L’interpretazione offerta appare persuasiva e frutto di operazioni ermeneutiche immuni da vizi di ordine logico, nè appare contraddetta da singoli episodi di applicazione dell’Accordo stesso in casi di "esternalizzazione" nel senso specificato in ricorso. Circa la mancata sottoscrizione della rappresentanza sindacale di Siette la sentenza impugnata non affronta il tema e parte ricorrente non ricostruisce come e quando l’argomento sia stato fatto valere in giudizio, sicchè sembra essere nuovo; in ogni caso emerge dallo stesso ricorso (pag. 21) che l’Accordo è stato sottoscritto dalle organizzazioni nazionali di categoria FIM, FIOM, e UILM e dai rappresentanti territoriali delle stesse e dal loro Coordinamento nazionale e pertanto non si vede come possa contestarsi la validità del contratto nell’ambito del Gruppo Alcatel; alle dette OOSS emerge che la stessa Alcatel ha comunicato la decisione di stabilire in sei mensilità l’importo dovuto, evidentemente riconoscendo la validità dello stesso Accordo, senza limitazioni a specifiche realtà produttive.

Con il secondo motivo si deduce la violazione dell’Accordo del 6.9.1997, la violazione degli artt. 1362 e 1363 c.c., e l’omessa motivazione circa un fatto controverso e decisivo per il giudizio:

l’accordo aveva natura programmatica.
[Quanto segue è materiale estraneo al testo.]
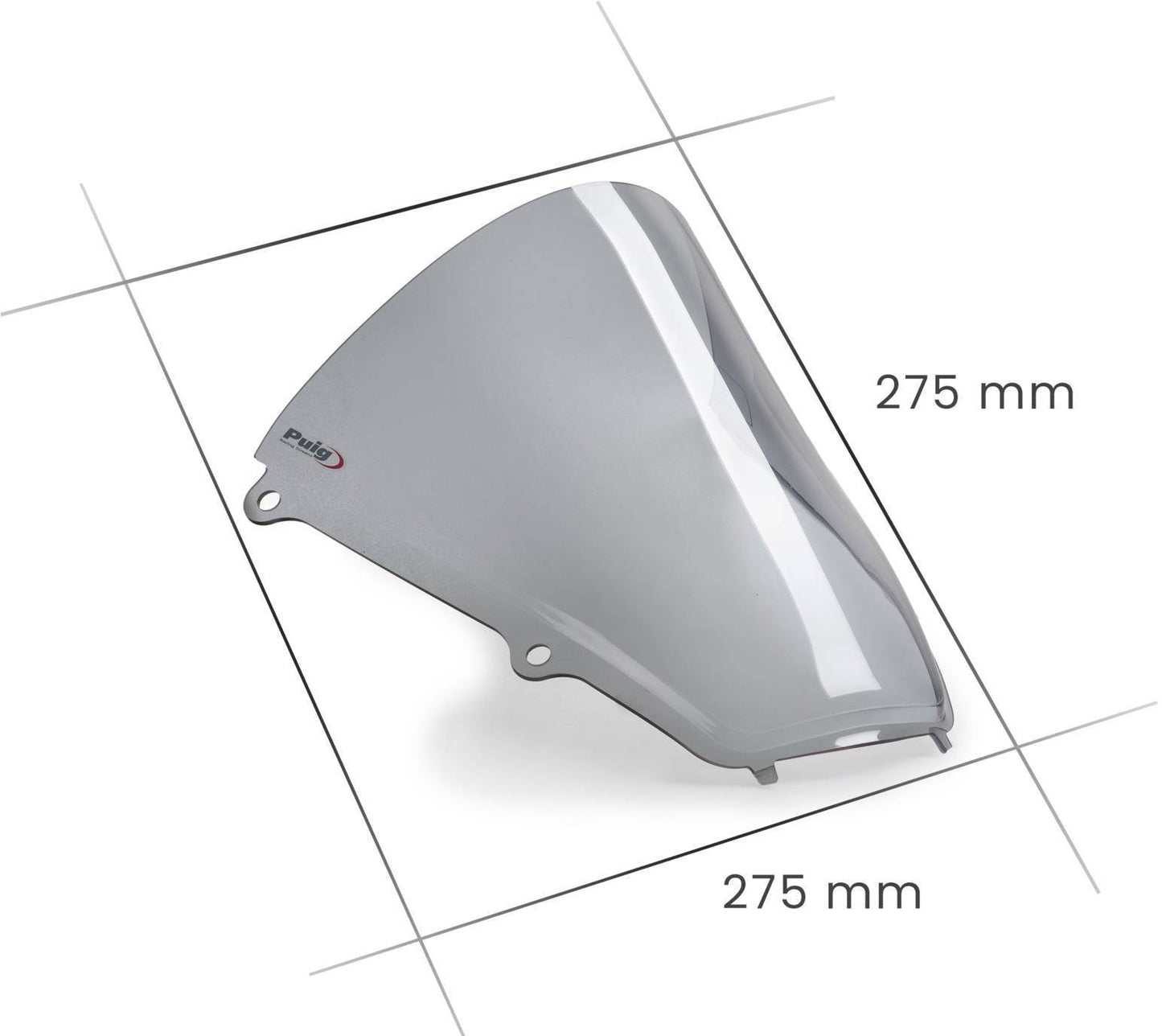 Puig R-Racer Windscreen Honda CBR600RR 2023-2025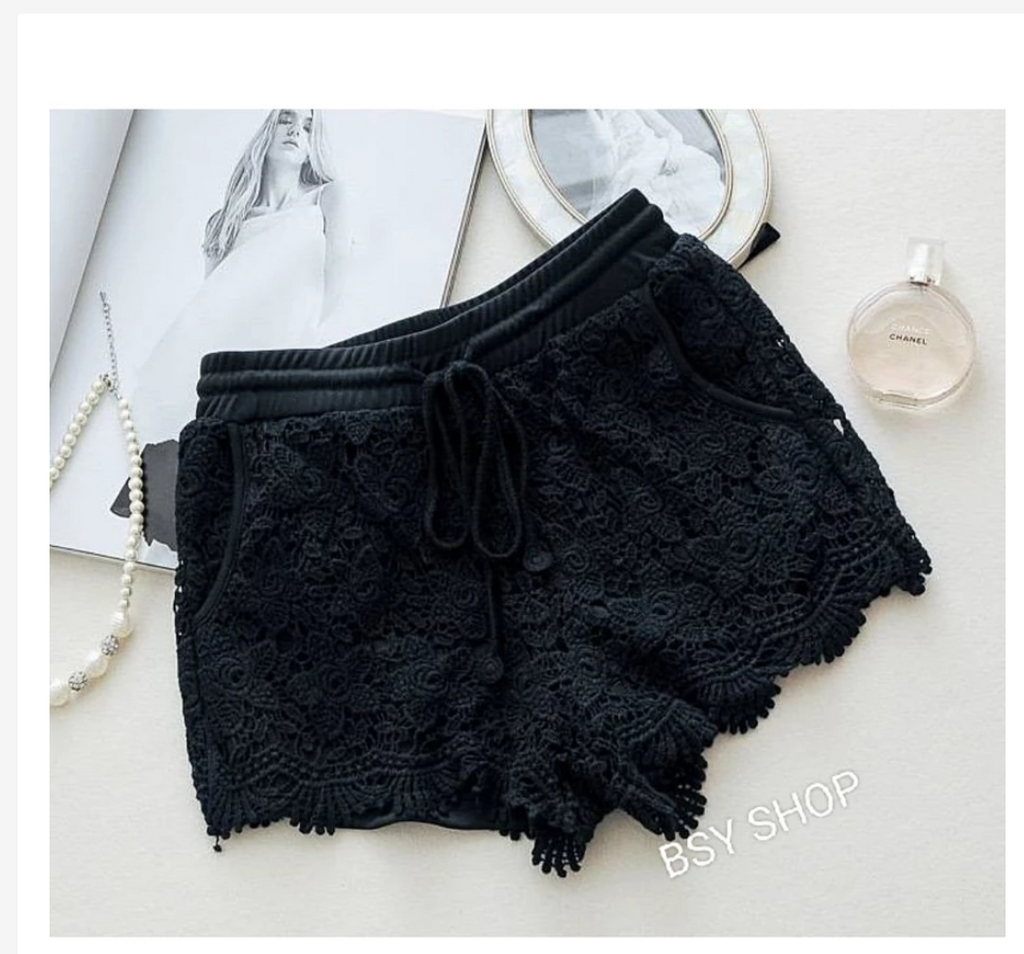 Boho Crochet Summer Shorts – Free Size, 20+ Designs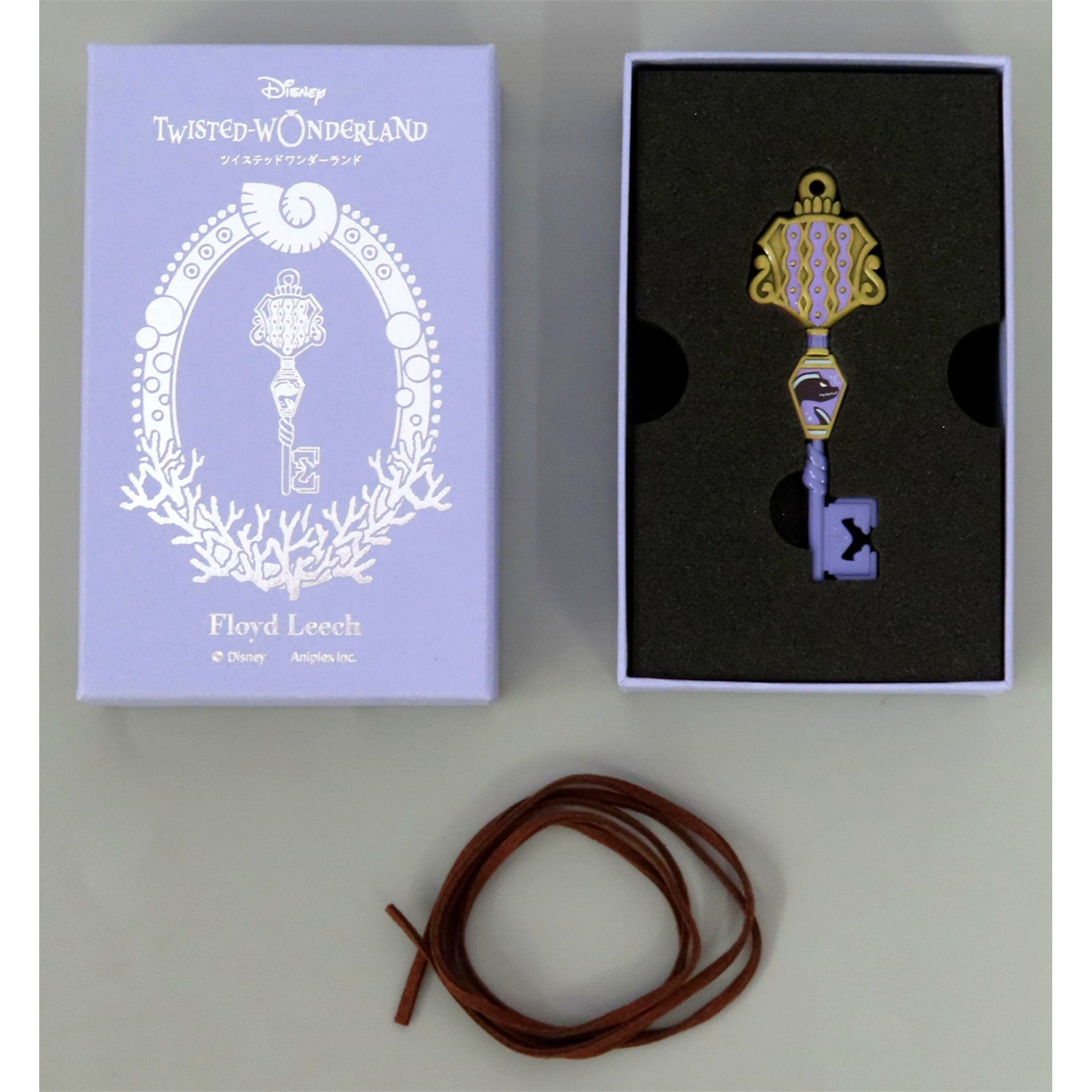 Floyd Leech Disney Twisted-Wonderland Valentine's Day Gift 2025 4YOU KEY Charm [USED]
Mancano le intese successive nelle singole procedure e le relative transazioni. Nell’Accordo si era usato il termine transattivo che non è identico a forfettario, come ritenuto dalla Corte di appello. Occorreva, pertanto, un verbale di transazione.

Anche il secondo motivo appare infondato. La Corte di appello, nell’accogliere l’appello incidentale, ha osservato che l’Alcatel aveva già unilateralmente definito l’importo da corrispondere in caso di decentramento (estemalizzazione) in sei mensilità di retribuzione e che, quindi, una volta avvenuta la cessione di ramo d’azienda, l’Accordo non poteva che essere operativo, essendo stati già definiti gli obblighi a carico dell’Alcatel. La Corte di appello ha altresì osservato che il riferimento ad un "importo transattivo" a titolo novativo volesse significare solo, questa volta effettivamente con terminologia atecnica, la corresponsione di una somma forfettaria una tantum svincolata dalla retribuzione e non fosse necessaria la sottoscrizione di una transazione che nel caso in esame sarebbe stata priva di causa e di oggetto, in quanto con la cessione di ramo di azienda il rapporto di lavoro si era comunque trasferito in capo alla cessionaria, senza possibilità di reazione da parte dei lavoratori. L’interpretazione appare ragionevole e supportata da argomenti di ordine teleologia) e funzionale, relative alla finalità dell’accordo in rapporto alla fattispecie in esame, che appaiono logicamente corretti e che non violano in alcun modo i criteri di ordine generale per interpretare gli Accordi collettivi, che non prevedono affatto che l’interpretazione letterale sia l’unica strada ermeneutica per risalire alla reale intenzione delle parti. Il ribadito richiamo a casi di applicazione dell’Accordo in cui si è proceduto ad atti di transazione non inficia tale interpretazione, anche perchè dalla trascrizione di tali atti in ricorso l’operazione sembra aver natura più complessa della mera attribuzione da parte dell’Alcatel di sei mensilità di retribuzione.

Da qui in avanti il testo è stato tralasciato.